▸ **What you are asked to do**
Print nothing but the lines below starting at the line that holds "金龙鱼5L调和油1:1:1食用油整箱调和油大豆油企业福利团购批发图5" and ending at the line that holds "Kurtka męska zimowa (M-3XL) 7", including both, each exactly as written.

▸ **Available data**
++++++++
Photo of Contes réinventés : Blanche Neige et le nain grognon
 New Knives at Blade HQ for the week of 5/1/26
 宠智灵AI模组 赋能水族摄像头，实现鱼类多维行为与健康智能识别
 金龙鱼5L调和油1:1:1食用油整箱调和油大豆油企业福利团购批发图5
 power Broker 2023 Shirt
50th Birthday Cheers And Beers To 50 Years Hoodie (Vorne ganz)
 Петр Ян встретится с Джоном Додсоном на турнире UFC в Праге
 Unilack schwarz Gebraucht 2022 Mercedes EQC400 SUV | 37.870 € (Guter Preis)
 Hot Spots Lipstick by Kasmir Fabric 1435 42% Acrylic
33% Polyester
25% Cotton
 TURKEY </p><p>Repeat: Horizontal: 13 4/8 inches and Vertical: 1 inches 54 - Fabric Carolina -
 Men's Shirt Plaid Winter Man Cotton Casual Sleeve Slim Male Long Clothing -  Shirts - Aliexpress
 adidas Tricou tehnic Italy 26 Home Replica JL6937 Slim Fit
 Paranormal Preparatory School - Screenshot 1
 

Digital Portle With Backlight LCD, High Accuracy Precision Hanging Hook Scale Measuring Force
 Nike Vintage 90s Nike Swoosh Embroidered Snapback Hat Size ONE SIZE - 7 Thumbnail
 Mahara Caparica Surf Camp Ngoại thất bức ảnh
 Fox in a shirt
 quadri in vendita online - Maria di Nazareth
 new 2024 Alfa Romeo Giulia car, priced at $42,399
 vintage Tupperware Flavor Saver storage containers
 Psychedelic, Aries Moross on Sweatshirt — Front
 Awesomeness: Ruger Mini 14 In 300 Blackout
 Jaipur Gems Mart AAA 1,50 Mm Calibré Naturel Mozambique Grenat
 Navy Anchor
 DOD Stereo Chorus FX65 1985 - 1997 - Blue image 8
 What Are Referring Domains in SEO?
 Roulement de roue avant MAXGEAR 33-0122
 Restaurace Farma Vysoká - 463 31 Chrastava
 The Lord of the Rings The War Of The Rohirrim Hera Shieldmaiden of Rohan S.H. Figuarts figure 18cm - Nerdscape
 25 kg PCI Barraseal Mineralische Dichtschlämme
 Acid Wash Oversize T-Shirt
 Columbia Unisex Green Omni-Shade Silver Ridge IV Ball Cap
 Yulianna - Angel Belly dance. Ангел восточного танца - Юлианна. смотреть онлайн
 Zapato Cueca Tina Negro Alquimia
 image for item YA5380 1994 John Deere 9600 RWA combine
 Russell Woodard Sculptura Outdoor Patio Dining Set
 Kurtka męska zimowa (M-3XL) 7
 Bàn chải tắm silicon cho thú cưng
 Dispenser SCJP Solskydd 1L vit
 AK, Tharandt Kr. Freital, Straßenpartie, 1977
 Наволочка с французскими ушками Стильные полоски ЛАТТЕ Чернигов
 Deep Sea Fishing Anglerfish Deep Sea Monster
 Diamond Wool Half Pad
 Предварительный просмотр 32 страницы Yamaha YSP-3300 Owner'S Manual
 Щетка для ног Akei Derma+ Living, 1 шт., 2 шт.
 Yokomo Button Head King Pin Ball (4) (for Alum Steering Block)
++++++++
▸ **Exercise response**
 金龙鱼5L调和油1:1:1食用油整箱调和油大豆油企业福利团购批发图5
 power Broker 2023 Shirt
50th Birthday Cheers And Beers To 50 Years Hoodie (Vorne ganz)
 Петр Ян встретится с Джоном Додсоном на турнире UFC в Праге
 Unilack schwarz Gebraucht 2022 Mercedes EQC400 SUV | 37.870 € (Guter Preis)
 Hot Spots Lipstick by Kasmir Fabric 1435 42% Acrylic
33% Polyester
25% Cotton
 TURKEY </p><p>Repeat: Horizontal: 13 4/8 inches and Vertical: 1 inches 54 - Fabric Carolina -
 Men's Shirt Plaid Winter Man Cotton Casual Sleeve Slim Male Long Clothing -  Shirts - Aliexpress
 adidas Tricou tehnic Italy 26 Home Replica JL6937 Slim Fit
 Paranormal Preparatory School - Screenshot 1
 

Digital Portle With Backlight LCD, High Accuracy Precision Hanging Hook Scale Measuring Force
 Nike Vintage 90s Nike Swoosh Embroidered Snapback Hat Size ONE SIZE - 7 Thumbnail
 Mahara Caparica Surf Camp Ngoại thất bức ảnh
 Fox in a shirt
 quadri in vendita online - Maria di Nazareth
 new 2024 Alfa Romeo Giulia car, priced at $42,399
 vintage Tupperware Flavor Saver storage containers
 Psychedelic, Aries Moross on Sweatshirt — Front
 Awesomeness: Ruger Mini 14 In 300 Blackout
 Jaipur Gems Mart AAA 1,50 Mm Calibré Naturel Mozambique Grenat
 Navy Anchor
 DOD Stereo Chorus FX65 1985 - 1997 - Blue image 8
 What Are Referring Domains in SEO?
 Roulement de roue avant MAXGEAR 33-0122
 Restaurace Farma Vysoká - 463 31 Chrastava
 The Lord of the Rings The War Of The Rohirrim Hera Shieldmaiden of Rohan S.H. Figuarts figure 18cm - Nerdscape
 25 kg PCI Barraseal Mineralische Dichtschlämme
 Acid Wash Oversize T-Shirt
 Columbia Unisex Green Omni-Shade Silver Ridge IV Ball Cap
 Yulianna - Angel Belly dance. Ангел восточного танца - Юлианна. смотреть онлайн
 Zapato Cueca Tina Negro Alquimia
 image for item YA5380 1994 John Deere 9600 RWA combine
 Russell Woodard Sculptura Outdoor Patio Dining Set
 Kurtka męska zimowa (M-3XL) 7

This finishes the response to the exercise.